Imports succeed only when the CSV layout matches the target schema, including column order, quoting, character set, and newline conventions. Many installations disable local_infile by default for security, so enabling it temporarily (and disabling it again afterwards) keeps risk contained. When data types do not match—dates, decimals, enums—values may be coerced or rejected, making a warning review an important post-import check.
$ mysql --local-infile=1 -u root -p Enter password: Welcome to the MySQL monitor. Commands end with ; or \g. Your MySQL connection id is 177 Server version: 8.0.44 MySQL Community Server - GPL ##### snipped ##### mysql>
LOCAL reads the file from the client host running mysql, while non-LOCAL reads from the database server filesystem.
mysql> USE appdb; Database changed
mysql> SHOW VARIABLES LIKE 'local_infile'; +---------------+-------+ | Variable_name | Value | +---------------+-------+ | local_infile | OFF | +---------------+-------+ 1 row in set (0.01 sec)
mysql> SET GLOBAL local_infile = 1; Query OK, 0 rows affected (0.00 sec)
Leaving local_infile enabled longer than necessary increases risk during connections to untrusted servers or intermediaries.
mysql> SHOW VARIABLES LIKE 'secure_file_priv'; +-----------------+-----------------------+ | Variable_name | Value | +-----------------+-----------------------+ | secure_file_priv| /var/lib/mysql-files/ | +-----------------+-----------------------+ 1 row in set (0.00 sec)

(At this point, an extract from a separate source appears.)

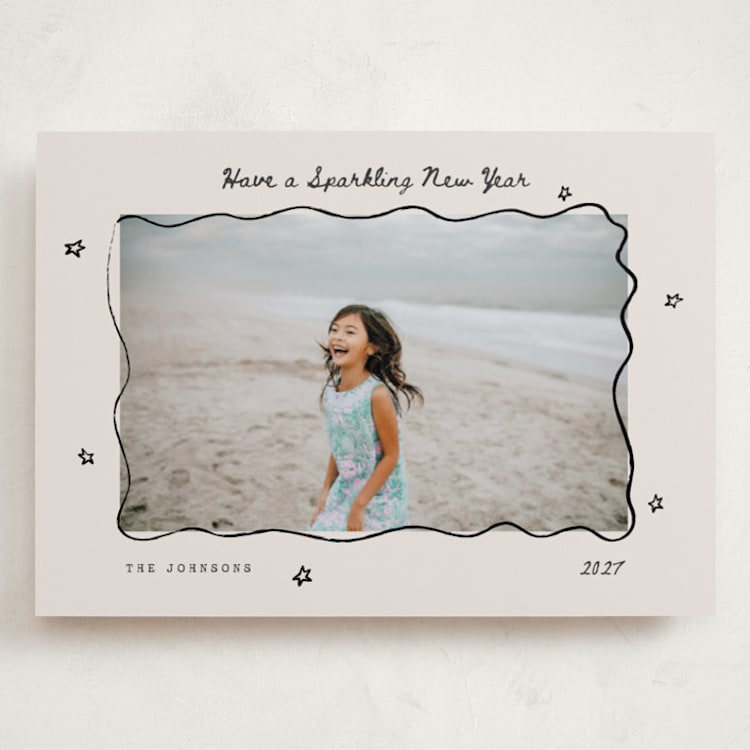 "New Year Doodles" - Holiday Cards in Ink by Mandy Lee - Front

A non-empty value restricts non-LOCAL LOAD DATA INFILE reads to that directory on the server.
mysql> DESCRIBE import_orders; +-------------+---------------+------+-----+---------+-------+ | Field | Type | Null | Key | Default | Extra | +-------------+---------------+------+-----+---------+-------+ | id | int | NO | PRI | NULL | | | customer_id | int | NO | | NULL | | | total | decimal(10,2) | NO | | NULL | | | created_at | datetime | NO | | NULL | | +-------------+---------------+------+-----+---------+-------+ 4 rows in set (0.00 sec)
List columns in the LOAD DATA statement when the CSV omits table columns (for example, an AUTO_INCREMENT id).

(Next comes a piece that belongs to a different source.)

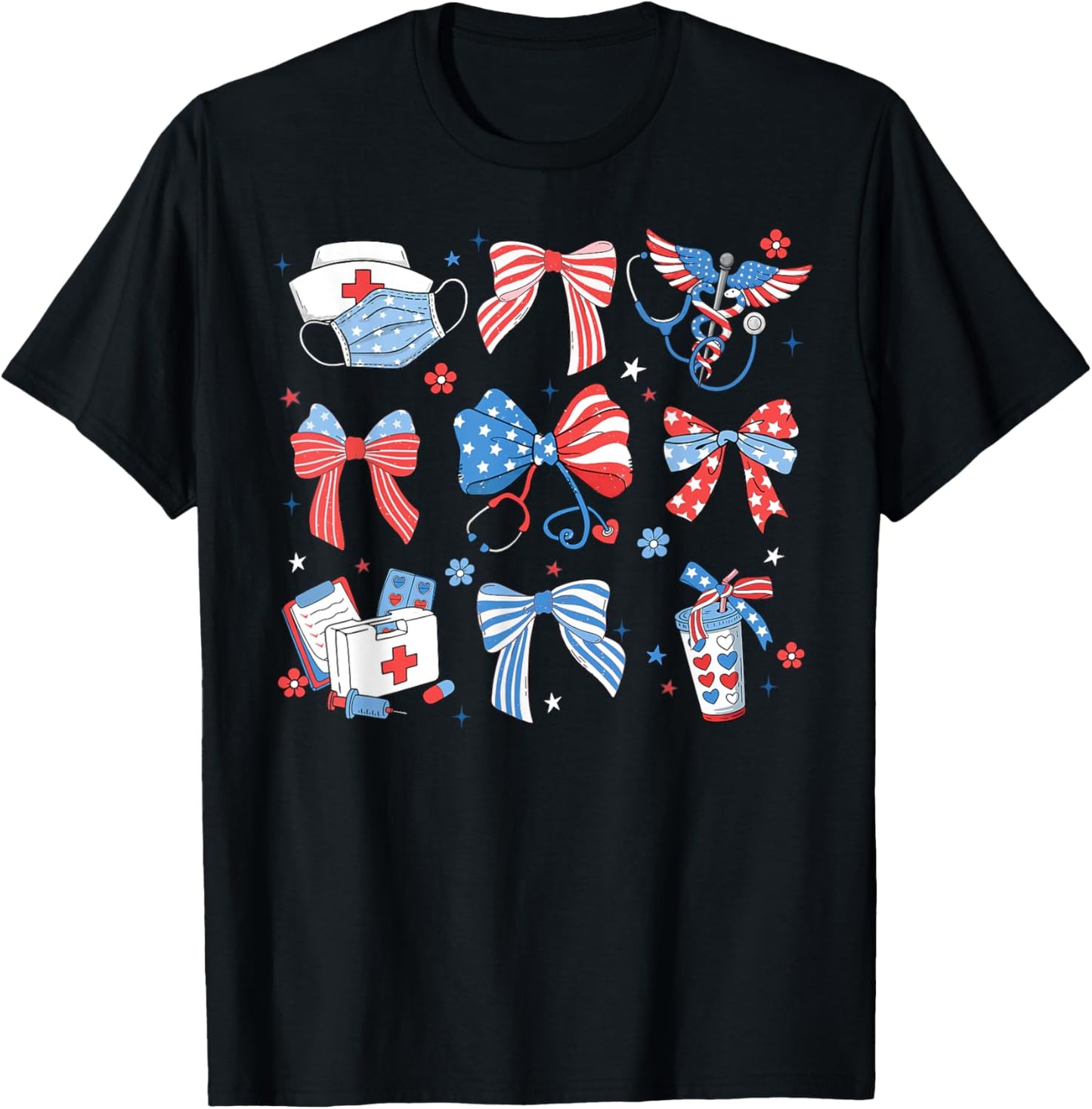 4th July Nurse Coquette Bow ICU CRNA Surgical Medical Girly T-Shirt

mysql> LOAD DATA LOCAL INFILE '/root/sg-work/imports/orders-import.csv'
-> INTO TABLE import_orders
-> CHARACTER SET utf8mb4
-> FIELDS TERMINATED BY ','
-> OPTIONALLY ENCLOSED BY '"'
-> LINES TERMINATED BY '\n'
-> IGNORE 1 LINES;
Query OK, 5 rows affected (0.00 sec)
Records: 5 Deleted: 0 Skipped: 0 Warnings: 0
Use IGNORE 1 LINES only when the first row is a header, and switch LINES TERMINATED BY '\r\n' for Windows-style newlines.
mysql> SHOW WARNINGS LIMIT 10; Empty set (0.00 sec)
Warnings often indicate truncation, invalid dates, or character set mismatches even when rows load successfully.
mysql> SELECT COUNT(*) AS imported_rows FROM import_orders; +---------------+ | imported_rows | +---------------+ | 5 | +---------------+ 1 row in set (0.00 sec)
mysql> SELECT * FROM import_orders ORDER BY id LIMIT 5; +----+-------------+--------+---------------------+ | id | customer_id | total | created_at | +----+-------------+--------+---------------------+ | 10 | 1 | 249.99 | 2025-12-24 14:12:40 | | 11 | 2 | 89.50 | 2025-12-24 14:12:40 | | 12 | 3 | 149.00 | 2025-12-24 14:12:40 | | 13 | 1 | 249.99 | 2025-12-24 14:13:03 | | 14 | 2 | 89.50 | 2025-12-24 14:13:03 | +----+-------------+--------+---------------------+ 5 rows in set (0.00 sec)
mysql> SET GLOBAL local_infile = 0; Query OK, 0 rows affected (0.00 sec)
Some environments apply the global value to new connections, so existing sessions may require reconnecting to inherit the change.